Pavithra ordered him another poori, then poked her father’s tummy. “Somebody’s pot is getting rather large. You’re not pregnant, are you?”
“Stop, you’re embarrassing me.” He poured some water into his mouth and swished. “So, how’s work?”
“Dr. Ravindranath is amazing. He lets me start IV’s now. Says I’m the best IV starter he’s even had!”
The waiter brought Murugan’s second poori, more puffed and golden than the first.
“And he’s really strict. The other day I forgot to charge somebody a hundred rupees. He took the money out of my paycheck. And you should have seen his face when we nurses stopped working and ran outside to watch a sami parade go by. Aiyoh, did he shout!”

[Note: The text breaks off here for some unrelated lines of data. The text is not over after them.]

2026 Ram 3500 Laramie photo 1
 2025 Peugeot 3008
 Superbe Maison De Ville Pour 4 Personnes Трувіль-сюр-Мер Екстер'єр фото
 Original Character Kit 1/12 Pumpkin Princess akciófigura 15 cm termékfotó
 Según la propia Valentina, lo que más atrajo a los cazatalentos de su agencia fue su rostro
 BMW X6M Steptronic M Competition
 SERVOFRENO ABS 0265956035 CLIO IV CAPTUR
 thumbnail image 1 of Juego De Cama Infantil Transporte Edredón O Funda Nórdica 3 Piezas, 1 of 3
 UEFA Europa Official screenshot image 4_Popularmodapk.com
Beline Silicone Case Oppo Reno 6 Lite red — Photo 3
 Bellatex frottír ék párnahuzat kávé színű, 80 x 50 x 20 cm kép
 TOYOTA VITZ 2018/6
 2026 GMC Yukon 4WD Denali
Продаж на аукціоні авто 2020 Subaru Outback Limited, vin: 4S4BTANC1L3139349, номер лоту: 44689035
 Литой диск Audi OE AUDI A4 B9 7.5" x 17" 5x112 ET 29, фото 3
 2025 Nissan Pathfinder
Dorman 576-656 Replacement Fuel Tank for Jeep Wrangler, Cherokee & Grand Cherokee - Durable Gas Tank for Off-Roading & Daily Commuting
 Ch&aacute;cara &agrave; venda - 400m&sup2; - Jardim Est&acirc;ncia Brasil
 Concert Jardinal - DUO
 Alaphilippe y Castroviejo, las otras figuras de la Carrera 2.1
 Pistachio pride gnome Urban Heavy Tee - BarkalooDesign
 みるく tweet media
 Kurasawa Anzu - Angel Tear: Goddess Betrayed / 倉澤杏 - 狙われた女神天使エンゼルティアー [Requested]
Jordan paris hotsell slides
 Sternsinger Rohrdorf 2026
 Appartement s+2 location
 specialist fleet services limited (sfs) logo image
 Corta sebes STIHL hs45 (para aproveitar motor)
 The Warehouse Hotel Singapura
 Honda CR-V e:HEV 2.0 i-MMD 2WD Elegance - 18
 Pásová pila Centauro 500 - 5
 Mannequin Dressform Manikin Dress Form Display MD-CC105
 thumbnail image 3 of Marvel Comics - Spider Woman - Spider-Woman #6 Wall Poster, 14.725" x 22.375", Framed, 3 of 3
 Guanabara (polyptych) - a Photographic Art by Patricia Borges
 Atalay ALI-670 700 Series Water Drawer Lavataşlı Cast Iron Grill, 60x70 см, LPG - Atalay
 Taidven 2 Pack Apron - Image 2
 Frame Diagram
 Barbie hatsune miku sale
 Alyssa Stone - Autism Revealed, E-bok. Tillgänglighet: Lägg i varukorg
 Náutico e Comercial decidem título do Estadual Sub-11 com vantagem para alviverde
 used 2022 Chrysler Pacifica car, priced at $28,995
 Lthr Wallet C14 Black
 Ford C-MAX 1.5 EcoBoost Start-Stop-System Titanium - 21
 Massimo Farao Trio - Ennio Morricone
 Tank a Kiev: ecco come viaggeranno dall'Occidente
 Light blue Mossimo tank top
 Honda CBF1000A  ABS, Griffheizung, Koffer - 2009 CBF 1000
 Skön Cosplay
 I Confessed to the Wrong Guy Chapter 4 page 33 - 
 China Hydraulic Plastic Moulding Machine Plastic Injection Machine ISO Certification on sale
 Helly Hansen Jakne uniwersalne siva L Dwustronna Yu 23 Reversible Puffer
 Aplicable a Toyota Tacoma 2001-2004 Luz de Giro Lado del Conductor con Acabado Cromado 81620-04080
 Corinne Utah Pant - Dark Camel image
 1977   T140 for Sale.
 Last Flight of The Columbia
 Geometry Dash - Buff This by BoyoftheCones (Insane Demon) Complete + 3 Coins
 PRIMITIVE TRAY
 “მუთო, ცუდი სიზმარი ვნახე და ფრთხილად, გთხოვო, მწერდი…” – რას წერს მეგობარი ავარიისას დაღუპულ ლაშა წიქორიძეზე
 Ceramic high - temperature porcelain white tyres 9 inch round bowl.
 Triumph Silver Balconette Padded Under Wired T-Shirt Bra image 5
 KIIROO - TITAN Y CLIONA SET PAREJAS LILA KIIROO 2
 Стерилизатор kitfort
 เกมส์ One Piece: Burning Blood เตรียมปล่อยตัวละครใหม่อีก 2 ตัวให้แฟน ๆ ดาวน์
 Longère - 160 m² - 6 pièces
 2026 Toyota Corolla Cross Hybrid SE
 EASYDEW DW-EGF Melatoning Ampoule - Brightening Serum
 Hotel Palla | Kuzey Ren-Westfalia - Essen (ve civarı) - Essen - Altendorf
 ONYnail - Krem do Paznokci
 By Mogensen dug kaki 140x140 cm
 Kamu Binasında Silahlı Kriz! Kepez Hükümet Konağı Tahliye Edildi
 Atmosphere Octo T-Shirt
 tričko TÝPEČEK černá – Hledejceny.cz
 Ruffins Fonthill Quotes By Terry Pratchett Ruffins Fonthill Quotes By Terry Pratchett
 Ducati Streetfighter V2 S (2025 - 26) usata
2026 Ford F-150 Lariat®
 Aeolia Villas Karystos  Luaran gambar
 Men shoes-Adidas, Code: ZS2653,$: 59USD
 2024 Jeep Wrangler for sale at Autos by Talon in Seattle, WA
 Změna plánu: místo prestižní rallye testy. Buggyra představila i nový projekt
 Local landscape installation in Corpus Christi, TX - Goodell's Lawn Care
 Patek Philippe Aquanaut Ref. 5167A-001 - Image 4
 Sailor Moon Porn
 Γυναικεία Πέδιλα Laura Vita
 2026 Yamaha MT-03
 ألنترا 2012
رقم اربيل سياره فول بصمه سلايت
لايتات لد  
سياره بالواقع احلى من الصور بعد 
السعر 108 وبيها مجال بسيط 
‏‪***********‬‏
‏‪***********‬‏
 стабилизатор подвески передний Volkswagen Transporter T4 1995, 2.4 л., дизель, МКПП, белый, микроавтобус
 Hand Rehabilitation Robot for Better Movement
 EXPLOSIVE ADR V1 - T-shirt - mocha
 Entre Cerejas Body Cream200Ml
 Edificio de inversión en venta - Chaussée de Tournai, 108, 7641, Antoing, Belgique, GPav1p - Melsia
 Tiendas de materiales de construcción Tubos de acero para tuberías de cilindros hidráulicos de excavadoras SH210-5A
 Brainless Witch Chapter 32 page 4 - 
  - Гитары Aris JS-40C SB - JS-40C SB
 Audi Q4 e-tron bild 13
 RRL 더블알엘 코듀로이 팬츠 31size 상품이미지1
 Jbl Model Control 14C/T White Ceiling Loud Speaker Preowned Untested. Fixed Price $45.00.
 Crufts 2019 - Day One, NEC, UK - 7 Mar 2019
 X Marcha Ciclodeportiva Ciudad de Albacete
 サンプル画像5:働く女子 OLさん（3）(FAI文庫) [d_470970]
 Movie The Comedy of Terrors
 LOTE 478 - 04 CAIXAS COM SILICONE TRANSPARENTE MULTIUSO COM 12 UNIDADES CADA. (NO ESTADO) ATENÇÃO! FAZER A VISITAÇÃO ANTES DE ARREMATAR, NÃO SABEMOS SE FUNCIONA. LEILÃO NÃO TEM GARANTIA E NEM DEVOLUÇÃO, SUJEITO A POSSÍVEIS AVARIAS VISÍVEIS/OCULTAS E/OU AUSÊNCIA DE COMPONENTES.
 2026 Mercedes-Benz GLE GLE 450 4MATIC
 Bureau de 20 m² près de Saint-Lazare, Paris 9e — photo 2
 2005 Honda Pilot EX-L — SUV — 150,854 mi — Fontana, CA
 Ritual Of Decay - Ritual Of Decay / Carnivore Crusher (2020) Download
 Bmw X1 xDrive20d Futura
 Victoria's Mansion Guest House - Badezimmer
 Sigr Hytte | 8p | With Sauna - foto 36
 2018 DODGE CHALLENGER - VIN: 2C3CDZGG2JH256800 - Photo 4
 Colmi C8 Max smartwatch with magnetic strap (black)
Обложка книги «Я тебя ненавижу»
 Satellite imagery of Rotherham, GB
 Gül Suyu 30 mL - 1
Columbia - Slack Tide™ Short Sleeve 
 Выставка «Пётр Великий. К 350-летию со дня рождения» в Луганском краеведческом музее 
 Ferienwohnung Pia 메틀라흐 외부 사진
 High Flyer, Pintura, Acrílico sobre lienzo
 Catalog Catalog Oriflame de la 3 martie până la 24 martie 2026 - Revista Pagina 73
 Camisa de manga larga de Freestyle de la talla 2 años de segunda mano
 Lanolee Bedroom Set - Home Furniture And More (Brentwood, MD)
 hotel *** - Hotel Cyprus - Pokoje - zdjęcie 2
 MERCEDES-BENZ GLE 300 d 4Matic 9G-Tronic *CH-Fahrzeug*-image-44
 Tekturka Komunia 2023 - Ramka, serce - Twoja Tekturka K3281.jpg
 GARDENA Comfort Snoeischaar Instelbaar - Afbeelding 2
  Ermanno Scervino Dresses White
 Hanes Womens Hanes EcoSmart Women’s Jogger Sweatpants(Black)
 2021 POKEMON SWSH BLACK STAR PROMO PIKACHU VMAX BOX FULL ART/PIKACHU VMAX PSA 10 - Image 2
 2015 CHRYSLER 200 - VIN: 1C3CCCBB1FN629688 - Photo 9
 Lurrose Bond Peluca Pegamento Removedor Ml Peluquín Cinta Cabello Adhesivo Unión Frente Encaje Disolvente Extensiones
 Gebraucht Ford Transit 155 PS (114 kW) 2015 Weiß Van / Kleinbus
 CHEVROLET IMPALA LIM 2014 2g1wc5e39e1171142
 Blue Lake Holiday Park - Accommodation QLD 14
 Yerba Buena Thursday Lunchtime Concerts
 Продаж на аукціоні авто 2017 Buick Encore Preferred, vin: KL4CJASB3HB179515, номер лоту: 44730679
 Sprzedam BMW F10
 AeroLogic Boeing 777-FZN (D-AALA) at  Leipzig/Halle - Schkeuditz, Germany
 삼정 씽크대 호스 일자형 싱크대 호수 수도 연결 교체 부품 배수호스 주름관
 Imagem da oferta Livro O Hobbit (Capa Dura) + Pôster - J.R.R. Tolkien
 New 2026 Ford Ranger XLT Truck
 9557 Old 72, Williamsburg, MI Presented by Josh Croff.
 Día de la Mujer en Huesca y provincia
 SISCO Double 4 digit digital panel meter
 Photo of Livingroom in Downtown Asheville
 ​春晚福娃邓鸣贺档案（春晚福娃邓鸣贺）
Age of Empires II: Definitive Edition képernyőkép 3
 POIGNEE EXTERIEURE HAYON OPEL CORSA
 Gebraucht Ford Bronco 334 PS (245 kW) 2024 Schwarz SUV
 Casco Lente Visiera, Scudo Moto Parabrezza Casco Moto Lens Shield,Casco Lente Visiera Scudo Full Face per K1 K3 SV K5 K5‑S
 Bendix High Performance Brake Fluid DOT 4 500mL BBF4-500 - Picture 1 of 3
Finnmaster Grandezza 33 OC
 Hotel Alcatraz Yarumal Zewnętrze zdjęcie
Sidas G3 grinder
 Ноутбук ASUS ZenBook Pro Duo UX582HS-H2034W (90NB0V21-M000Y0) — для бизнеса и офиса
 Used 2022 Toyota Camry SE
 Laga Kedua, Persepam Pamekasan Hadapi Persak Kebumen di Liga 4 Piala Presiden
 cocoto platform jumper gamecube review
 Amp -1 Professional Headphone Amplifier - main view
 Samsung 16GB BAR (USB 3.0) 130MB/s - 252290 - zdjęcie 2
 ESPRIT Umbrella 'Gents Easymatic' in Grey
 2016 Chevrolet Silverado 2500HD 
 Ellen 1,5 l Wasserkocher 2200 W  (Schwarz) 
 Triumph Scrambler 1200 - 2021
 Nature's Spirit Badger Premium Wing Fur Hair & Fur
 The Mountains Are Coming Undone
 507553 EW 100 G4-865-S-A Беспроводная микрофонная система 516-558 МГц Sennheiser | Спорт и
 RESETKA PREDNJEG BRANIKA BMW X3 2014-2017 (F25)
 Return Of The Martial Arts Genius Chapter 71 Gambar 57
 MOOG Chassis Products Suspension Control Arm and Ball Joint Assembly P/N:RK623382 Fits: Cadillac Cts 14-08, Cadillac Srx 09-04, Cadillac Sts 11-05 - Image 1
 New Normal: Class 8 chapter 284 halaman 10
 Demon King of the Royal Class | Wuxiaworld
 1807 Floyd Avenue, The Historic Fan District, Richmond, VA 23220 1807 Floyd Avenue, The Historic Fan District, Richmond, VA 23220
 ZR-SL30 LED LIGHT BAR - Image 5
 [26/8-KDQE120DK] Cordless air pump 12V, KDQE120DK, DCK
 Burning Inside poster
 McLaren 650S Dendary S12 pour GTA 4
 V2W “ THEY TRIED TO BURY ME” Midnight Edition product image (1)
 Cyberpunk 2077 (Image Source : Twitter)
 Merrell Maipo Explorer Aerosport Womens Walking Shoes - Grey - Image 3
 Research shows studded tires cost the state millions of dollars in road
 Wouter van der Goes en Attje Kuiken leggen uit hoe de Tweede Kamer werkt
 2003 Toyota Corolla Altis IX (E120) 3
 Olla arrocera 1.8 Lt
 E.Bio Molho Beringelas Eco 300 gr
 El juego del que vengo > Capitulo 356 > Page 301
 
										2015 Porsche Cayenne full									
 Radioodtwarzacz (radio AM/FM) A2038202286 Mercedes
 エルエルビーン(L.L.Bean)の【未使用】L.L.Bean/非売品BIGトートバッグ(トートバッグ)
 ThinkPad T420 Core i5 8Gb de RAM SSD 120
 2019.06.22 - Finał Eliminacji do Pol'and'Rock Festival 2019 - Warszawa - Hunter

She closed her banana leaf.
“But then two weeks ago, on a Sunday, he rented a van and took all us girls on a picnic with his family. We went up into the High Wavies to see the tea estates. I’ve never seen such green wonder before.” She raised her hand. “Annae! Two masala teas please!”
Murugan poured his tea back and forth between the stainless steel tumbler and cup to cool the fragrant liquid. He pursed his lips, looked at Pavithra, hesitated, then spoke.
“Granny told me she had a marriage inquiry about you yesterday. A distant relative. The boy works as a manager in Coimbatore.”
She blushed. “Is that so?”
When the waiter approached with the bill, Murugan raised his hand to take it. Pavithra grabbed it first, then reached into her little purse and handed the man 150 rupees. When Murugan objected and tried to get the money back, Pavithra grasped his cleanly shaven face with both hands and turned it towards hers.
“Djohh, Appa! Why do you think I wanted to eat out this morning?” She released him and gave her head a confident little shake. “Today your little Pavithra is paying.”